Background: Standard protocol for post-pyeloplasty monitoring in children and natural course of hydronephrosis resolution have not been well defined. We aimed to analyze critical time intervals and risk factors in the long-term clinical outcomes of children who were operated for ureteropelvic junction obstruction. Methods: Files of patients who underwent open dismembered pyeloplasty between January 2000 and December 2012 and had a >= 10 years follow-up were retrospectively reviewed. Changes in SFU hydronephrosis grade, pelvis anteroposterior diameter (APD), renal parenchymal thickness, split renal functions (SRF) on MAG-3 scan as well as development of hypertension and proteinuria were noted. Complete resolution was defined as SFU grade 0-1 or APD <= 10 mm or >= 50 % APD decrease. Results: Overall, 223 patients (161 boys, 72.1 %) with a median age of 9 (range 1-185) months underwent unilateral pyeloplasty, whereas 14 patients (13 boys, 92.8 %) with a median age of 4 (range 2-39) months underwent bilateral pyeloplasty. Median follow-up was 13 (range 10-22) years. Complete resolution was observed in 190 patients (85.2 %).

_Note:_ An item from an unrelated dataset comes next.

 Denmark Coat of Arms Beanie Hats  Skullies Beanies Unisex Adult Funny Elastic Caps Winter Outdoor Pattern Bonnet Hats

None of the cases required re-do pyeloplasty. Regarding unilateral cases, postoperative changes in hydronephrosis reached a plateau at the 60th month. Also, there was no significant difference regarding SRF between the 12th month and the 60th month (p > 0.05). Hypertension developed after a median period of 12 years in 13 (5.4 %) of the patients, while proteinuria developed in four (1.6 %) patients. Bilateral disease (HR: 2.518, p = 0.034) was found to be a significant determinant for development of hypertension and/or proteinuria. Conclusions: Our results indicated that ultrasonographic findings stabilized after the 60th month postoperatively, and SRF remained stable between the postoperative 12th and the 60th months. The risk of developing hypertension and/or proteinuria was 2.5 times greater in bilateral cases. Level of Evidence: Level II.